= Given data =
====
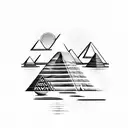 the Nile river with ancient Egyptian hieroglyphs tattoo design idea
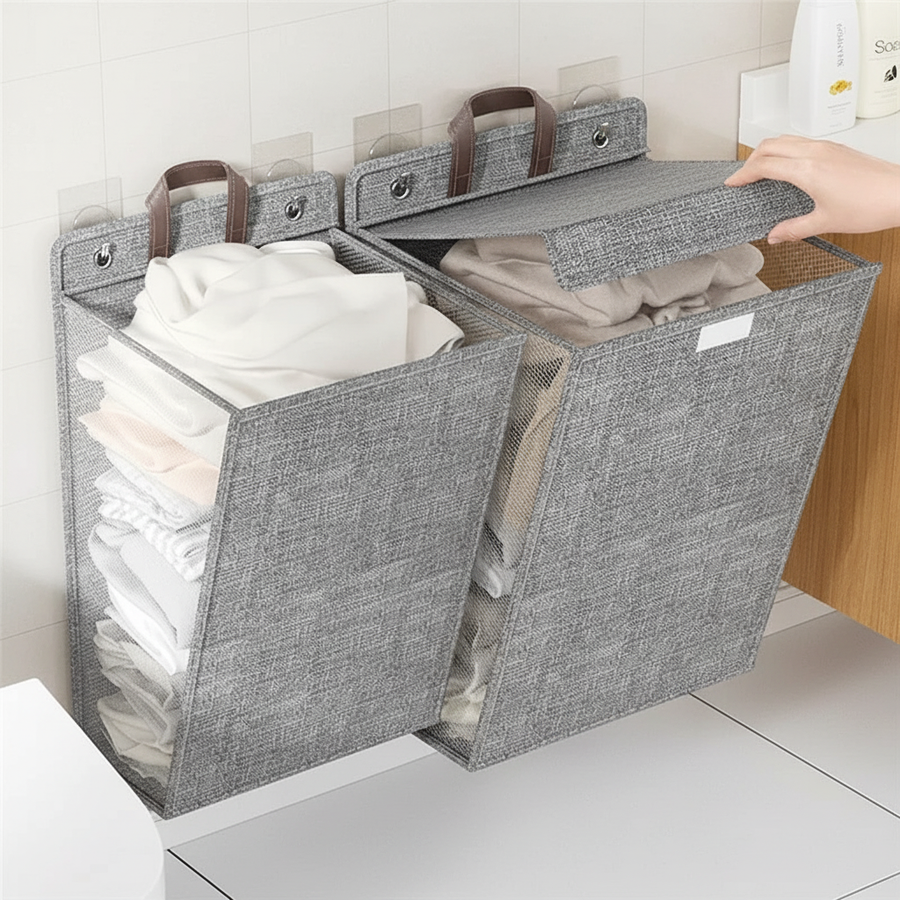 Gray wall-mounted foldable laundry baskets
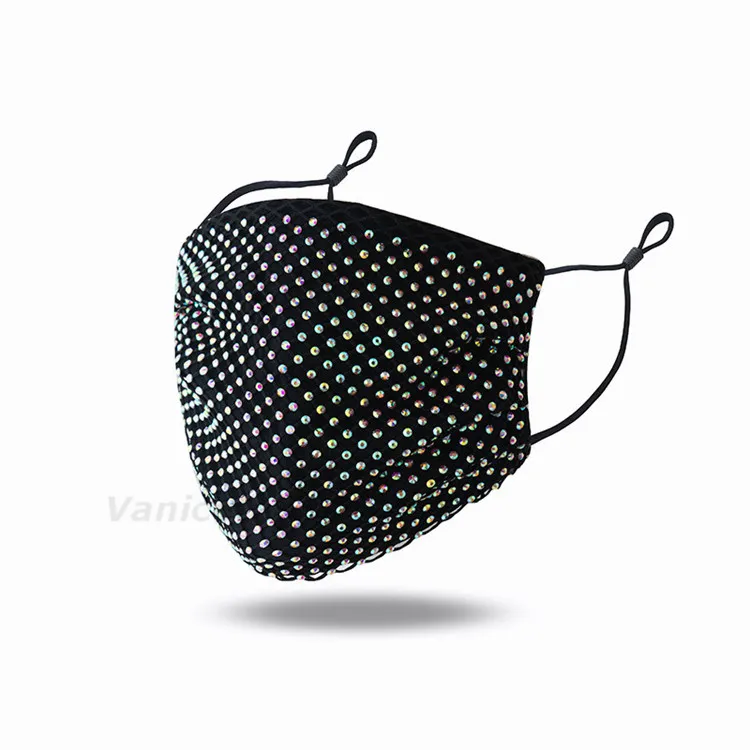 Bling Rhinestone Mesh Reusable Cloth Face Mask Crystal Masquerade Party Masks for Women Girls Adult T10I58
====
= Exercise details =
Could you give the material above again, exactly and without its pictures?

= Solution to this exercise =
 the Nile river with ancient Egyptian hieroglyphs tattoo design idea
 Gray wall-mounted foldable laundry baskets
 Bling Rhinestone Mesh Reusable Cloth Face Mask Crystal Masquerade Party Masks for Women Girls Adult T10I58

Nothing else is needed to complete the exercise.